Il Grotlyn

Il Grotlyn

Rubi sale le scale che la portano in camera sua, mentre le risuona nella testa la musica dell’organetto che ha sentito risalire dalla strada quella mattina, azionato da un uomo barbuto, un mendicante. La scimmietta che tiene legata al guinzaglio raccoglie le monete nel barattolo che tiene tra le zampe. Le rime della canzonetta parlano del famigerato Grotlyn, che si intrufola nelle case cercando di non fare rumore. La bambina, sotto le coperte del sul lettino, sente strani fruscii e il rumore di passi saltellanti sul tetto. Cerca di rassicurarsi, pensando che si tratti di un topo, ma qualcosa sta accadendo davvero in casa. Anche Sam, il bambino che si riposa dal suo lavoro di attacchino, seduto sull’impalcatura in una palazzina vicina, sente un fruscio e poi un rumore sordo, ed anche lui spera che sia qualcos’altro, un gatto magari, ma non il Grotlyn di cui parlano tutti, in città. Dalla professoressa occhialuta al buffo nobile con cavallo a rotelle, infatti, dal bambino spaventato alla domestica dispiaciuta dal furto del formaggio nella dispensa, tutti sono sicuri che sia stato lui, il Grotlyn. Costui va rubacchiando qua e là oggetti bizzarri, che di certo serviranno a realizzare un piano, non è possibile che il ladro li scelga solo perché gli capitano davanti per caso. Vickers il poliziotto è una delle vittime del Grotlyn: questo gli ruba l’intero cesto della biancheria che stava stendendo ad asciugare. Poi si dilegua e a niente valgono le goffe ricerche del pover’uomo che rimane insignito solo dell’ingombrante cappello. A cosa serviranno i vestiti contenuti nel cesto del poliziotto a quell’insolito ladro? E poi una fune e dello spago, un pezzo di formaggio e dei biscotti, una lampada ad olio e una ruota, una cassetta degli attrezzi e un vecchio libro?

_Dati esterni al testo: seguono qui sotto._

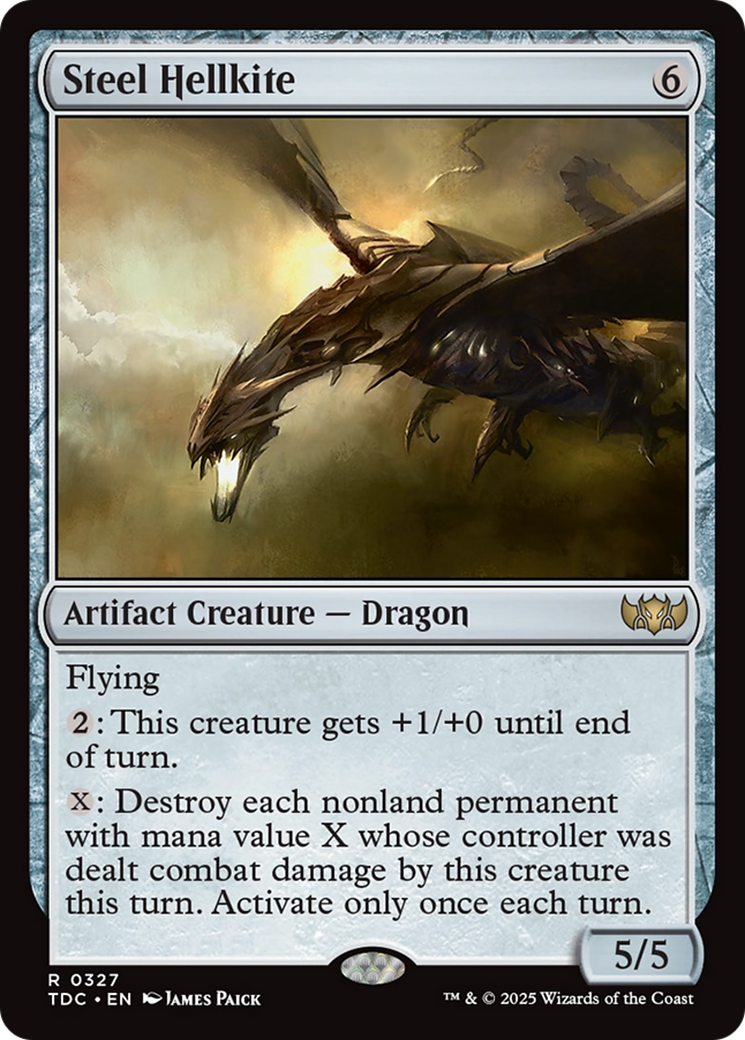Steel Hellkite [Tarkir: Dragonstorm Commander] | Game Master's Emporium (The New GME)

Ma non tutto è quel che sembra o, come recita la filastrocca del mendicante: “Io so quando il Grotlyn di soppiatto si è intrufolato in casa tua quatto quatto... Ma non sempre ciò che abbiamo immaginato è quel che l’occhio ha poi davvero guardato!”…

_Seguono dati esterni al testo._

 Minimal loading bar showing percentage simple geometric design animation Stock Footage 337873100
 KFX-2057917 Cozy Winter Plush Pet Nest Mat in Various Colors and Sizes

Regista di animazione e illustratore di storie di altri autori, Benji Davies è al suo quarto libro come autore. Il primo albo illustrato da lui scritto, La balena nella tempesta, da cui è poi nato il sequel La balena della tempesta in inverno, ha vinto l’Oscars First Book Prize. Come illustratore ha vinto il premio Nati per Leggere e il Premio Andersen 2016 con Sulla collina, scritto da Linda Sarah. Anche per Il Grotlyn, come ormai ci ha abituato il curriculum dell’autore, ci aspettiamo al più presto un qualche riconoscimento. La sua nuova storia illustrata questa volta è raccontata in rima, quasi a sdrammatizzare il clima di paura evocato fin dall’inizio, anche attraverso i toni cupi delle immagini, l’ambiente notturno della città, ravvivato solo dai tocchi di rosso che sempre più prevalgono nello scorrere della storia, man mano che il mistero viene svelato. E il clima alleggerito. Interrogato sui temi non certo leggeri che affronta nei suoi albi, Davies spiega che “la vita non c’è bisogno di rappresentarla sempre come un luogo felice”. Insomma “le storie ti equipaggiano per ciò che deve venire”, secondo l’autore che, nonostante questo, riesce ad affrontare il tutto con toni rassicuranti. Come i tutti i gialli che si rispettano, il lettore tornerà indietro per andare a cercare tutti quegli indizi passati inizialmente inosservati, ma che tra le pagine sono pian piano rivelati.